» **Your goal**: Only an exact copy of the entries, stripped of pictures, will serve as the answer.

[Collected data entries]
━━━━━━

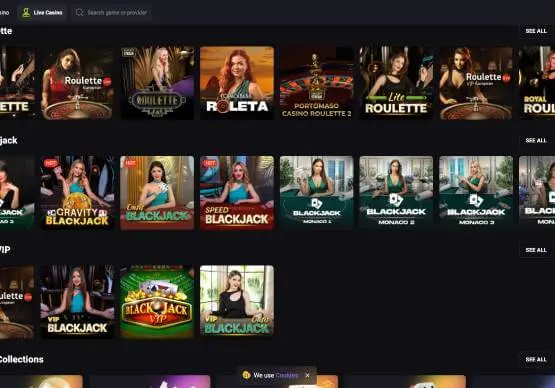 Mateslots Casino live games screenshot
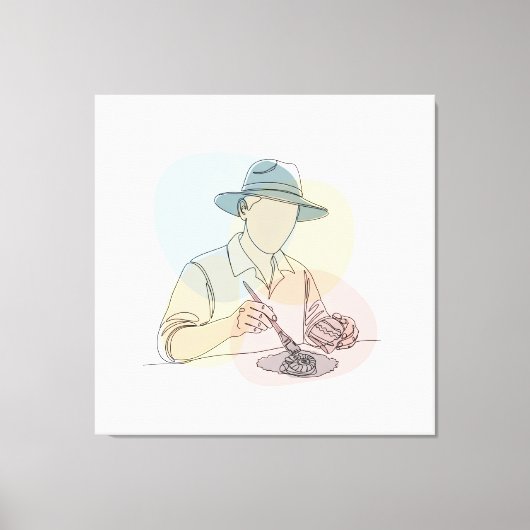 Toile Archéologue une ligne art continu simple (Recto)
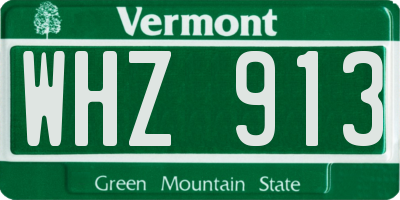 VT license plate WHZ913
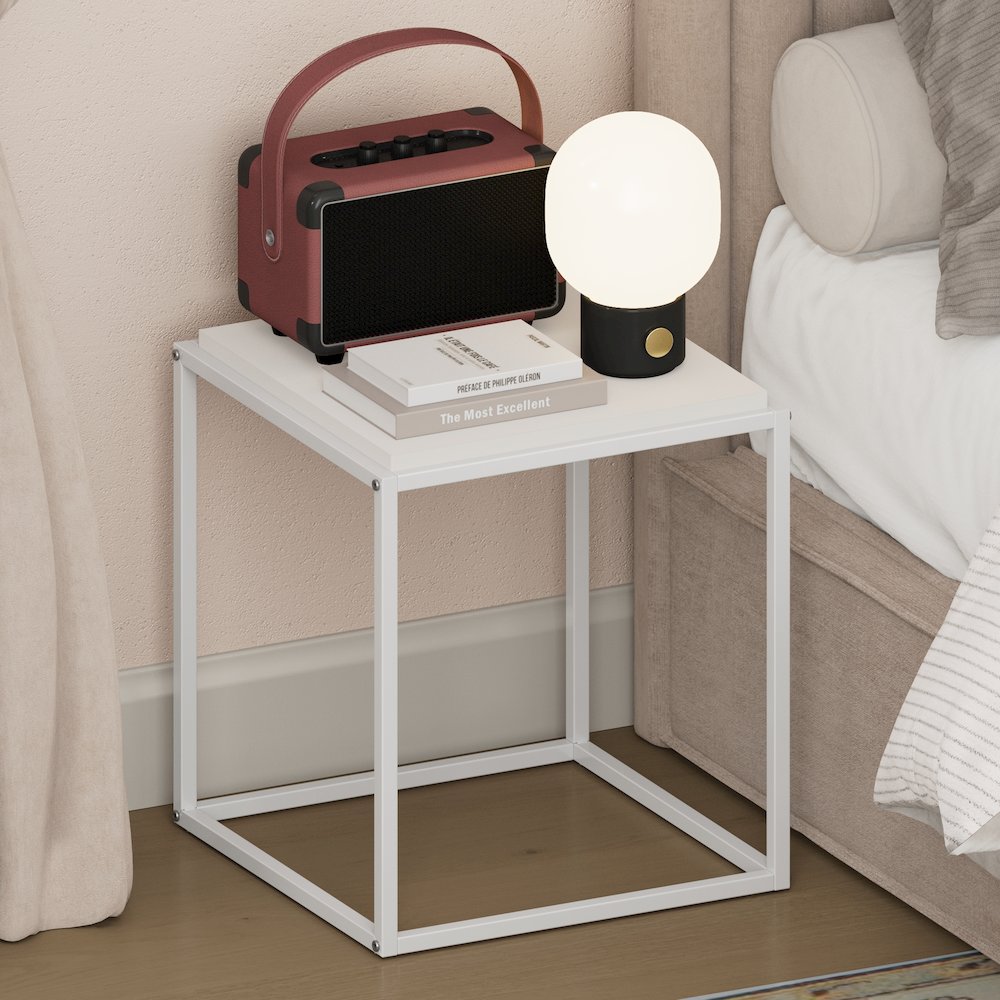 MORETTI Night Stand, 1-Tier Stackable Metal Frame Nightstand, Solid White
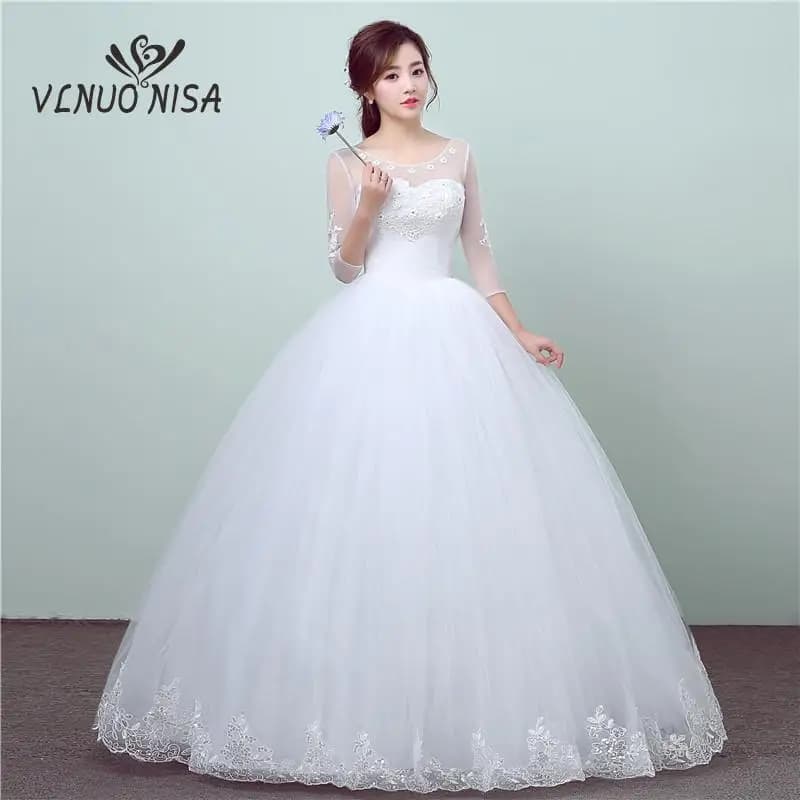 New Fashion Simple Lace Three Quarter Sleeve Wedding Dress Sweet Elegant Floral Print Vestido De Noiva Bride Gown Cheap in China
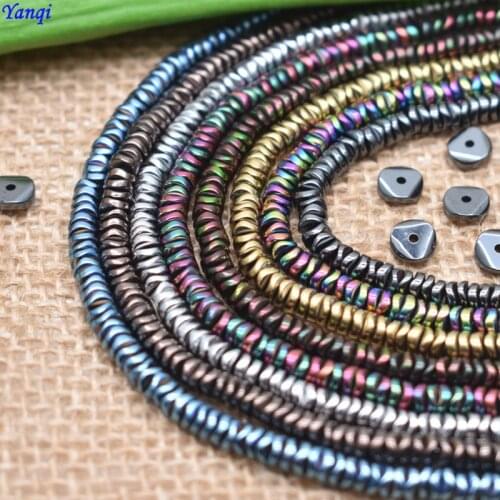 Yanqi Wholesale 4/6mm Natural Stone Beads Round Chip Shape Hematite Beads Flat Loose Beads For Jewelry Making DIY Bracelet 15"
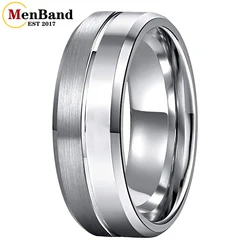 Classic Tungsten Carbide Wedding Band with Beveled Grooved Finish - Comfort Fit - 8 (Silver Color 8mm)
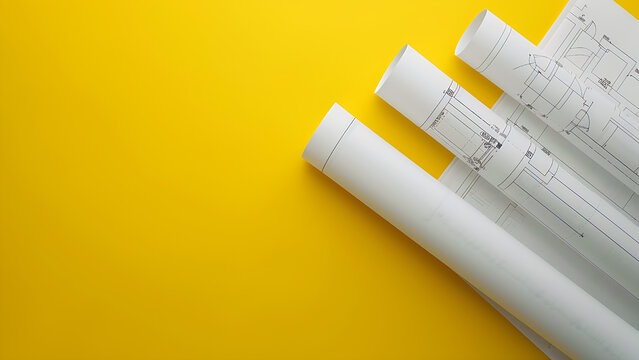 Rolled up architectural blueprint isolated on yellow background.
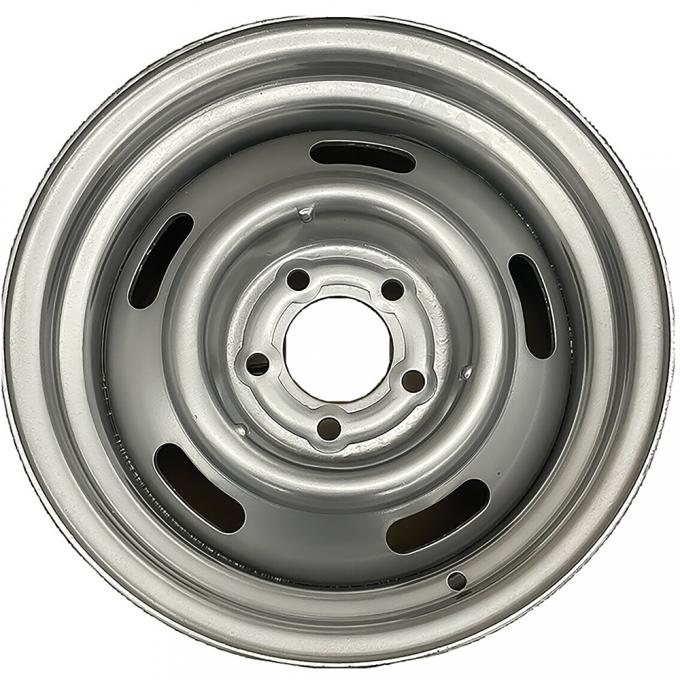 OER 1967-81 Chevrolet, Rally Wheel, Silver Powder Coated, 15" x 7", 4-1/4" Back Space, 5 on 4-3/4" Bolt Pattern WT5655C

━━━━━━

» **The answer**:
 Mateslots Casino live games screenshot
 Toile Archéologue une ligne art continu simple (Recto)
 VT license plate WHZ913
 MORETTI Night Stand, 1-Tier Stackable Metal Frame Nightstand, Solid White
 New Fashion Simple Lace Three Quarter Sleeve Wedding Dress Sweet Elegant Floral Print Vestido De Noiva Bride Gown Cheap in China
 Yanqi Wholesale 4/6mm Natural Stone Beads Round Chip Shape Hematite Beads Flat Loose Beads For Jewelry Making DIY Bracelet 15"
 Classic Tungsten Carbide Wedding Band with Beveled Grooved Finish - Comfort Fit - 8 (Silver Color 8mm)
 Rolled up architectural blueprint isolated on yellow background.
 OER 1967-81 Chevrolet, Rally Wheel, Silver Powder Coated, 15" x 7", 4-1/4" Back Space, 5 on 4-3/4" Bolt Pattern WT5655C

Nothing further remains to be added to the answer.